Bypassing Google’s Two-Factor Authentication(blog.duosecurity.com) |
Bypassing Google’s Two-Factor Authentication(blog.duosecurity.com) |
New devices and novel data requests do not revoke application-specific passwords which, as the article notes, are anything but specific. Also, Apple's security support is a 24-hour round-trip via an email technician.
http://grkvlt.blogspot.co.uk/2012/08/google-tfa-security-iss...
For better or worse, google two step authentication is primarily to mitigate shared passwords, phishing and kiosk style keyloggers.
The thing that's always annoyed me is the way that Google allows ASPs in some places but not in others, particularly when an application uses OAuth. Consider this:
A 3rd-party app uses OAuth to access your Google account. Great!
You install the app, fire it up, and the first thing the app does is prompts you to authenticate the app. It takes you to Google's OAuth screen to approve the app. This often happens within a popup window in the app, not your actual browser, which means you're not logged into your Google account, so the first thing you're presented with is a Google login form.
Now, this is a popup window with no URL visible, so how do I know that this is actually Google's form on their server?

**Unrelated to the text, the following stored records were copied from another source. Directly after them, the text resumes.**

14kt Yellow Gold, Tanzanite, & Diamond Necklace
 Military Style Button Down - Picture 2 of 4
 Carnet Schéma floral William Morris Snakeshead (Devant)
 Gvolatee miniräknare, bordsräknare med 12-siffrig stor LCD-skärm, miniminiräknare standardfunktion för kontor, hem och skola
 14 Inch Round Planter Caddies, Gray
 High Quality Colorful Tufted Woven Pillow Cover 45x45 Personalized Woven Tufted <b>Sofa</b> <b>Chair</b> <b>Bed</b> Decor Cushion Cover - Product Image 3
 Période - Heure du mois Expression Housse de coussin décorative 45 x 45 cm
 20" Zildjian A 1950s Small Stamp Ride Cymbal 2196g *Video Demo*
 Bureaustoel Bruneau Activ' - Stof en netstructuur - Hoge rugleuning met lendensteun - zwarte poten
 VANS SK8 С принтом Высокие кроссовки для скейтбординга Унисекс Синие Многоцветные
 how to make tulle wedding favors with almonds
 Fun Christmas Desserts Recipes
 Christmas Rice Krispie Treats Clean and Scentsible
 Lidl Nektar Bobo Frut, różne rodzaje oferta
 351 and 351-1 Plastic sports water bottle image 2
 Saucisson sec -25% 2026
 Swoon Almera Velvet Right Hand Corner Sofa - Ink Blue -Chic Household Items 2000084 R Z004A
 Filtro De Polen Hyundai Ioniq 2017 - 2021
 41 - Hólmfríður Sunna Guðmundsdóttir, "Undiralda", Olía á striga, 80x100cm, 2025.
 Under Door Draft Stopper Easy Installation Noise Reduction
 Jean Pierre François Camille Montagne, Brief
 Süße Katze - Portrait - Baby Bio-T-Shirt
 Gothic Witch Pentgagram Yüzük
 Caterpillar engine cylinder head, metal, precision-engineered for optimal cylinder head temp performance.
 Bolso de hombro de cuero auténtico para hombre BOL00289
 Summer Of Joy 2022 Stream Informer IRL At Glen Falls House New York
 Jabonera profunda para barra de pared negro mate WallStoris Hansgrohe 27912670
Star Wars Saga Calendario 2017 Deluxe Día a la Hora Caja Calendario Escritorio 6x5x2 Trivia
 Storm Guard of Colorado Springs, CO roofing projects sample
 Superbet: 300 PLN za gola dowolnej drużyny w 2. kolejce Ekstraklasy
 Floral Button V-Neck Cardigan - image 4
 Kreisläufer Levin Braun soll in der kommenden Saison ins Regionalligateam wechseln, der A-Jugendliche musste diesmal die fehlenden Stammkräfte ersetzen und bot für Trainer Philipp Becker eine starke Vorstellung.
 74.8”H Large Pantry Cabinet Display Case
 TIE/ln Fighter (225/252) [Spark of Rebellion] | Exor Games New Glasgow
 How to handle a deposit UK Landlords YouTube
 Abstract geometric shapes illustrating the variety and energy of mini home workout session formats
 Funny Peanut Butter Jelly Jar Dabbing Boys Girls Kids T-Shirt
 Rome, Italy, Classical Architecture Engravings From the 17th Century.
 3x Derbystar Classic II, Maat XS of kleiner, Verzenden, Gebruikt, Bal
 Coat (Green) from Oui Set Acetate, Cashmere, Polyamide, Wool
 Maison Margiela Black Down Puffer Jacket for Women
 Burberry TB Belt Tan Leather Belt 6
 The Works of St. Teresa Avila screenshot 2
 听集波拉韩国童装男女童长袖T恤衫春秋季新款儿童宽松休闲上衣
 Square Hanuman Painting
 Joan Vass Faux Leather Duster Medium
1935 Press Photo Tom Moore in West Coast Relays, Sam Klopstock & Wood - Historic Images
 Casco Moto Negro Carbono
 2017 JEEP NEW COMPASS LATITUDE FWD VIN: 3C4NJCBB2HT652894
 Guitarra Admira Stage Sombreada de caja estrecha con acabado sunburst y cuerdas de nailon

And even if it is, how do I know the app isn't using some embedded JavaScript to sniff my credentials?
Not wanting to take a chance, I head over to my browser and create a new application-specific password to enter into the login form, knowing that I could easily revoke it if I change my mind. I enter the ASP in the app's popup Google login form, and lo and behold I'm greeted with the message "Please enter your account password and not an Application Specific Password here."
Turns out Google returns a message when you're using an application-specific password prompting you to enter your actual password. Now they've set that precedent. Now any app can simply code up a form to look like Googles, throw it in a popup, and put that message in there after the first time you submit the form to make sure they get your account password (of course, doesn't matter for me, because they don't have my second factor, but it would matter for the majority of people, who don't have 2-factor auth setup). If you didn't enter an ASP the first time, you'd just assume you mistyped or mis-pasted your actual password the first time, and enter it again the second time. Now they can be sure they have your actual password.
Of course, all this would have been moot if the ASP was more powerful than the actual password to begin with, but it seems like after Google's fix, this is back to being a problem.
Any app that takes a ASP would otherwise be storing your main account password. Two step is still improving your security posture here - your main credential can't be used without the temporal pin so the ASP is actually much more valuable.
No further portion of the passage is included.